RAVENNA — Le abbondanti precipitazioni degli ultimi mesi stanno mettendo in crisi, ancora una volta, l’agricoltura romagnola, già sottoposta al pesante condizionamento delle alluvioni del 2023 e 2024.
Problemi di asfissia nei terreni, impossibilità di accesso ai campi per le pratiche agronomiche e i trattamenti fitosanitari, necessità in alcuni casi di ricorrere ai droni per riuscire a effettuare la concimazione.
Le cooperative braccianti hanno già espiantato oltre 300 ettari di grano per marcescenza dei semi o asfissia delle radici. Stravolti per diverse colture la programmazione delle semine (cerealicole e foraggere in particolare) e i trapianti primaverili (per bietola, bietola da seme, cipolla, pomodoro, coriandolo e altre).

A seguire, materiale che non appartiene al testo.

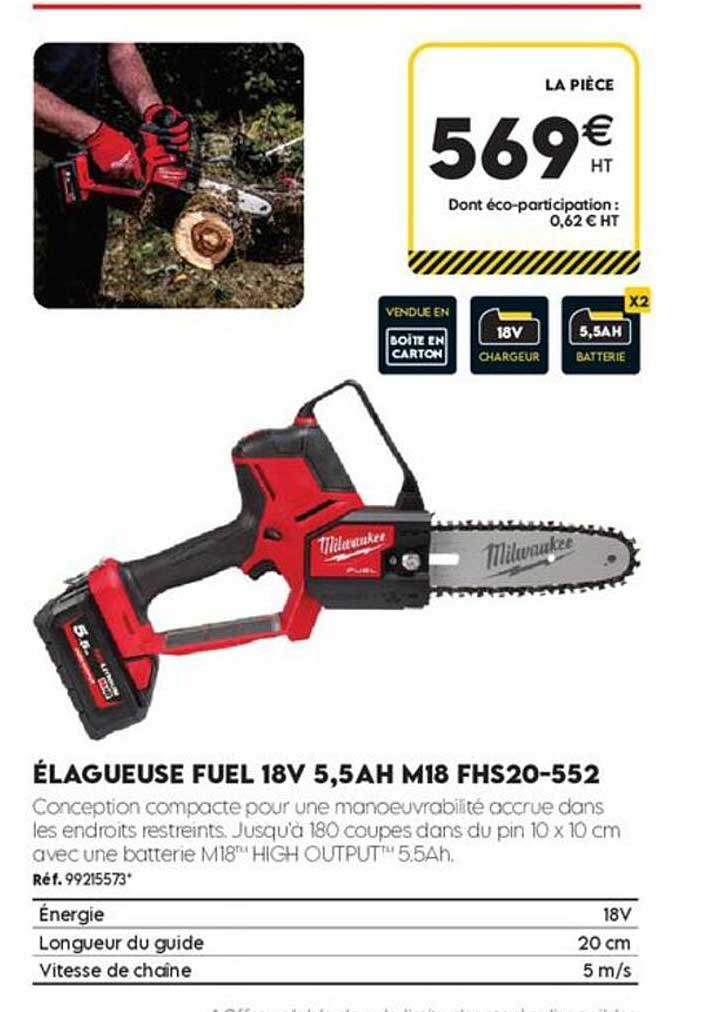 ÉLAGUEUSE FUEL 18V 5,5AH M18 FHS20-552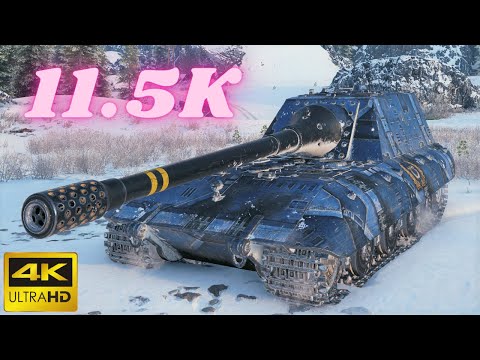 Jagdpanzer E 100  11.5K Damage 5 Frags World of Tanks,WoT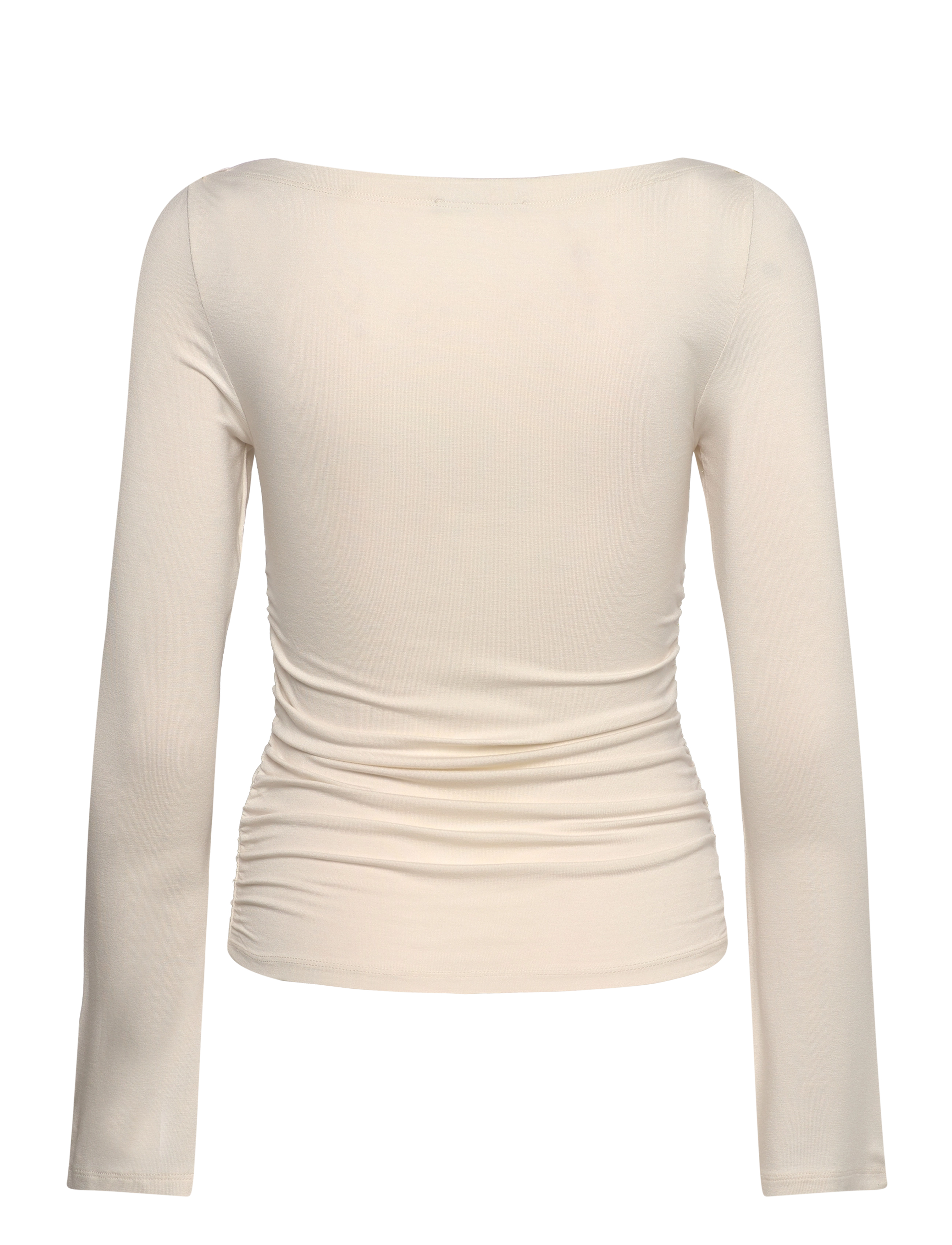 Gina Tricot - Soft touch boatneck top - tofu (7170) - 1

Se le condizioni meteo non miglioreranno rapidamente, nel 2025 molte superfici resteranno incolte. Queste alcune delle segnalazioni, relative a diverse centinaia di ettari, giunte agli uffici di Legacoop Romagna, in particolare dalla provincia di Ravenna e dalle campagne di Forlì-Cesena.
Gli uffici tecnici di Terremerse, Cac, Apofruit e delle Cooperative Agricole Braccianti sono già al lavoro per monitorare e intervenire dove possibile. In generale, c’è forte allerta per il clima umido, caldo e piovoso della stagione e per una situazione meteorologica che viene seguita con la massima attenzione.

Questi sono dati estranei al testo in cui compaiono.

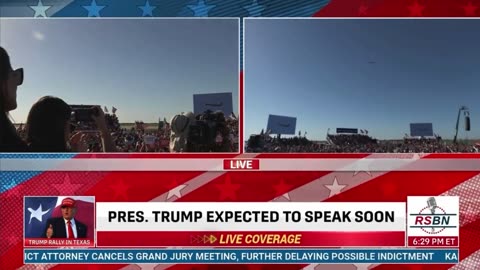 BREAKING: President Trump does an INCREDIBLE flyover over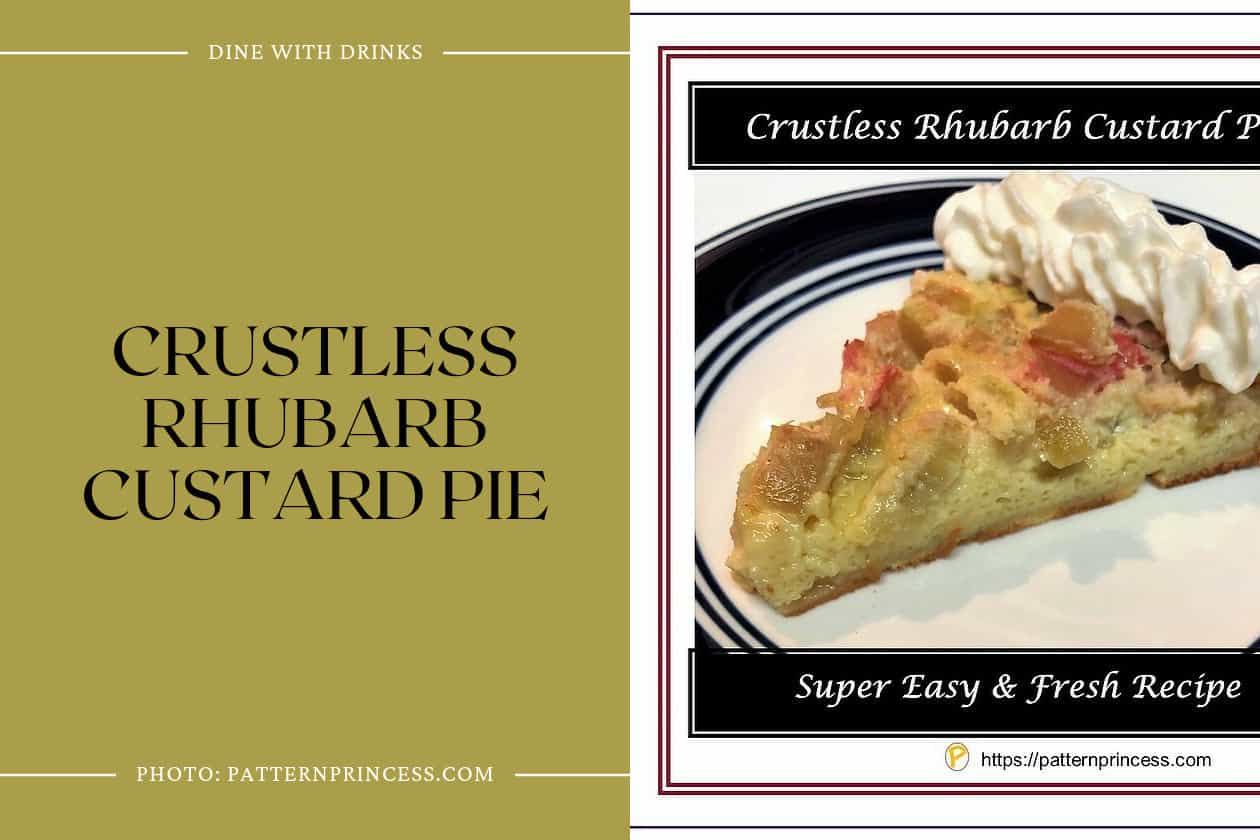 Crustless Rhubarb Custard Pie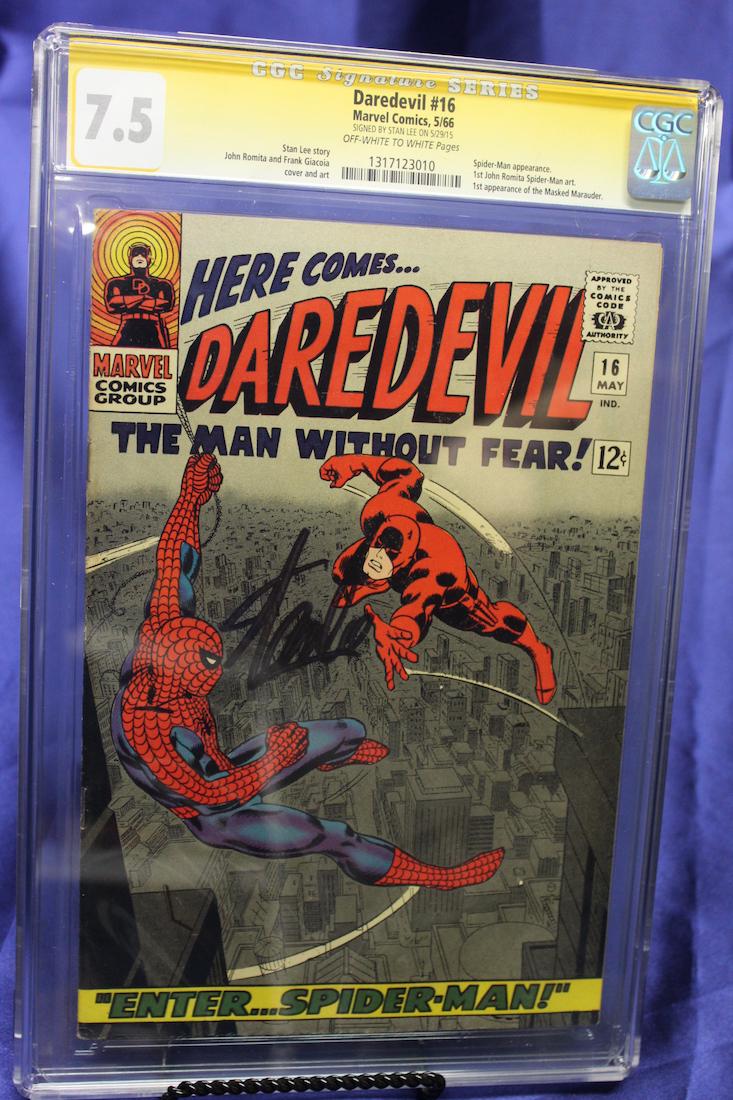 Daredevil #16 Stan Lee Signature Series -1st John (1 of 2)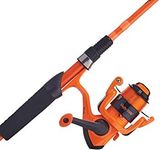 Ugly Stik 6' Hi-Lite Spinning Fishing Rod and Reel Combo, Orange, 2-Piece Graphite & Fiberglass Rod, Durable and Strong, Right/Left Handle Position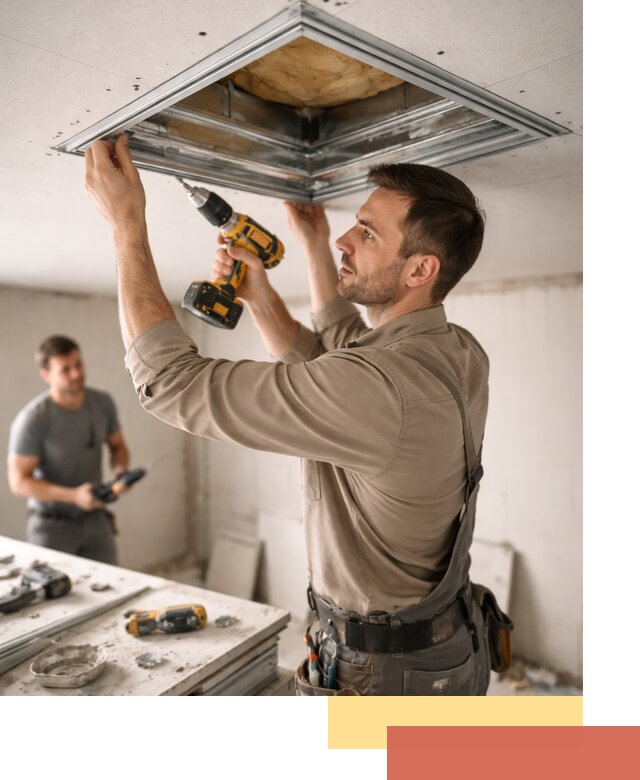 Монтаж люка в потолок из ГКЛ в Обнинске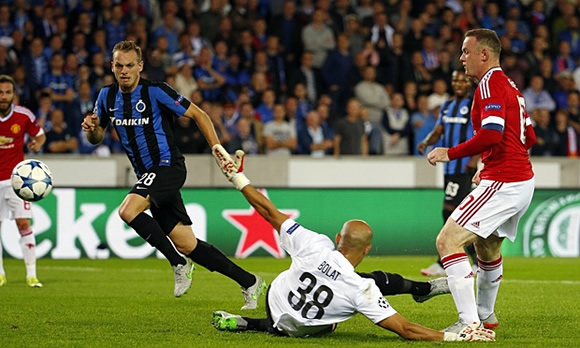Club Brugge 0 - 4 Manchester United :  Wayne Rooney scores hat-trick as Manchester United qualify for group stages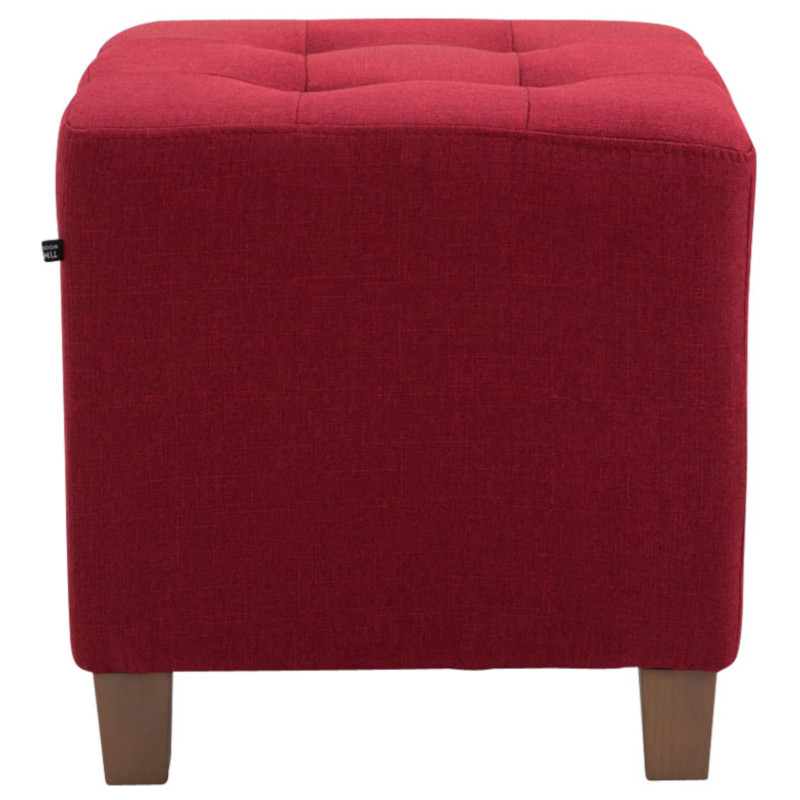 Lot de 2 Poufs Pharaon, rouge clair antique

La preoccupazione è notevole, perché le conseguenze del cambiamento climatico si stanno presentando nei campi con una velocità e una forza incredibili, mettendo a rischio anche i numerosi interventi che sono stati compiuti negli ultimi mesi per ripristinare la coltivabilità dei terreni.

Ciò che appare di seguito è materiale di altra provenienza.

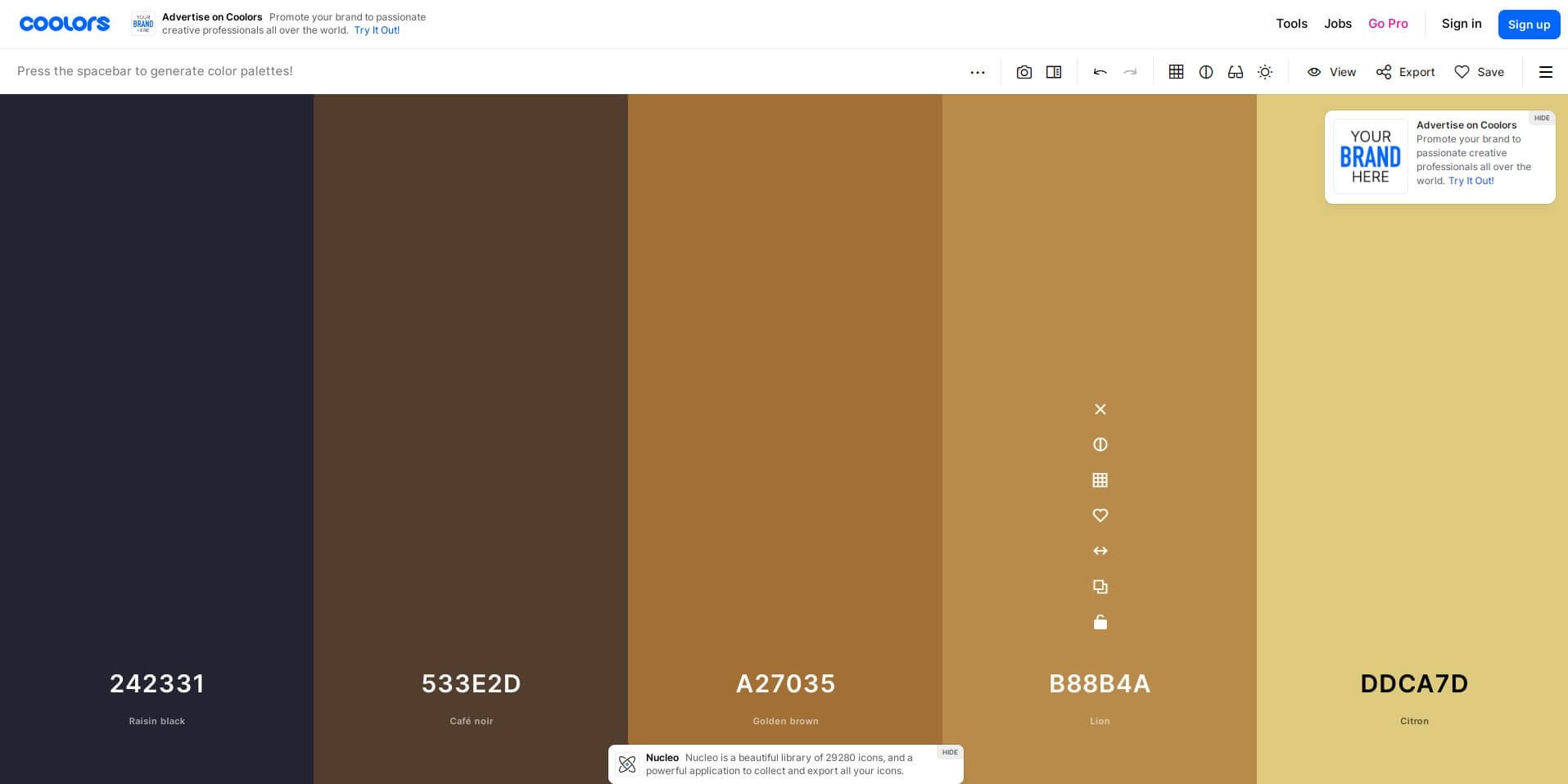 Coloors - logo and brand identity design tools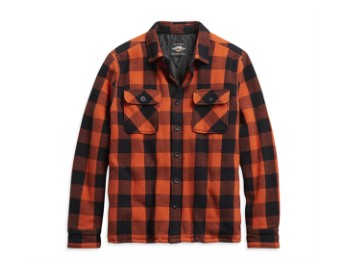 Shirt Jacket-Woven,orange Plai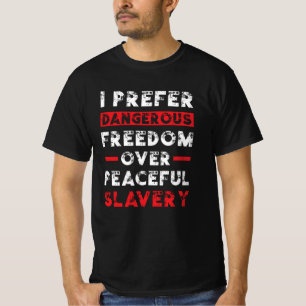 Freiheit über Angst T-Shirt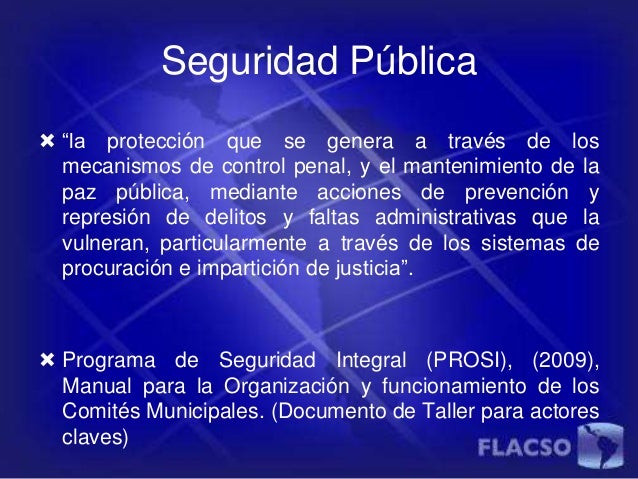 Conceptos, percepciones de seguridad ciudadana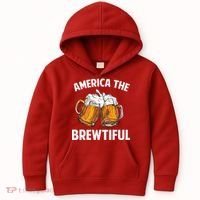 America The Brewtiful Kids Hoodie thumb 0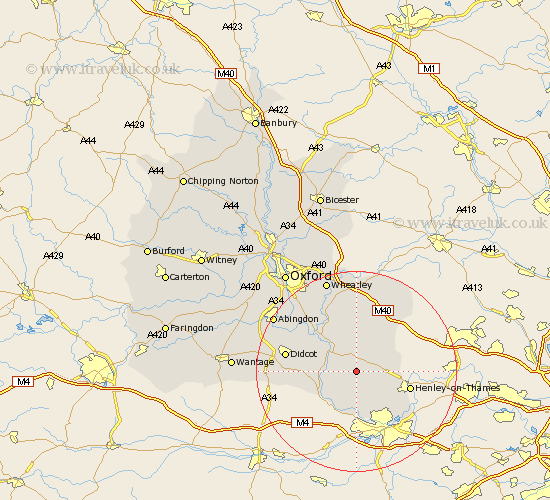 Henley Oxfordshire Map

“Il negazionismo del riscaldamento globale – dice il presidente di Legacoop Romagna, Paolo Lucchi – è ormai superato dai fatti, è una questione che non si può più nemmeno discutere. Occorre che le istituzioni, a ogni livello, si muovano concretamente, superando la logica dell’emergenza di corto respiro.
Serve rafforzare il sostegno alle aziende agricole per gli investimenti di ripristino e funzionalità dei terreni, nonché un fondo apposito per il cambiamento climatico, a livello nazionale ed europeo, in cui convogliare tutte le risorse e a cui attingere non solo per la ricostruzione, ma per realizzare opere di mitigazione e adattamento alle conseguenze del riscaldamento globale. Non si possono scaricare sui redditi degli agricoltori i costi della conversione ecologica”.